The University of the Balearic Islands (UIB) enters the top 10 public universities with the highest percentage of precarious teaching staff according to a study by the University of Granada.

Virginia Servera

The almost poetic idea of the figure of the university professor, who is assumed to have a high social position, is fading away. A recent study by the University of Granada warns of the spread of precariousness in the teaching staff of Spanish public universities, especially since the beginning of this century. 

The 2001 Organic Law on Universities (LOU) and its subsequent modification in 2007 (LOMLOU) opened the door, according to the study, to the consolidation of temporary entry figures to the teaching career, such as associate professors and interim substitutes, as well as promoting the de-functionalisation of teaching staff. This, combined with a context of economic crisis, which brought with it a halving of public spending on universities and replacement rates of 0 %, would explain why in recent years precariousness has spread in many universities, giving rise to a model that the authors of the report describe as low cost, with low salaries, high temporariness, difficulties in achieving stabilisation and a delay in the incorporation into the teaching career that has repercussions on the ageing of the staff.

 

The UIB stands out in terms of precariousness

At the University of the Balearic Islands (UIB) the percentage of associate lecturers has been increasing to reach 50.55% of the staff, a figure well above the national average (32.99%), according to the University Staff Statistics (EPU). The study places the highest educational institution of the Islands in eighth place in the ranking of universities that most frequently employ precarious staff in order to reduce costs. 

To correct this situation, which the UIB attributes to “the lack of funding and the limitations of the replacement rate”, the vice-rector of Teaching and Research Staff at the University of the Balearic Islands, Antoni Bordoy, says that “a process has begun that will conclude in January 2024 and will stabilise 117 temporary and interim staff positions”. In addition, thanks to government funding injections and the unification of financial allocations, around 90 new full-time positions will be created, he says. With these actions, it is expected that “by the end of 2023, the number of hours taught by associated teaching and research staff (PDI) will have fallen to 42.87%”, he predicts. Furthermore, “the government team has presented the Govern with a programme to reduce the percentage of associated teaching and research staff to 35% in three years”, he concludes.

 

False associates and resignation 

“The fact that there are such high percentages of associate lecturers raises suspicions about the existence of false associates, i.e. lecturers who do not have a job outside the university,” warns José Manuel Torrado, co-author of the study.
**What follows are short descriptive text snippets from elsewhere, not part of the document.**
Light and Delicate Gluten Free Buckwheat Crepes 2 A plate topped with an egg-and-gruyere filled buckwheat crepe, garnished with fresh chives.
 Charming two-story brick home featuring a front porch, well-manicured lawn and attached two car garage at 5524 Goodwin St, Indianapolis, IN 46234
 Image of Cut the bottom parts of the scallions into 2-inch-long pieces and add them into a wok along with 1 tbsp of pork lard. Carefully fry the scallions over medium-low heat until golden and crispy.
Asked about the lack of mobilisation among the affected lecturers, Torrado points to the logic of recruitment: “Not much noise is made because they want to forge good relations with the recruitment committees, which are made up of permanent members of the department itself. Often the fact of having raised resistance can be taken as an attack on the institution itself and that undermines the chances of consolidating yourself as a professor,” he complains.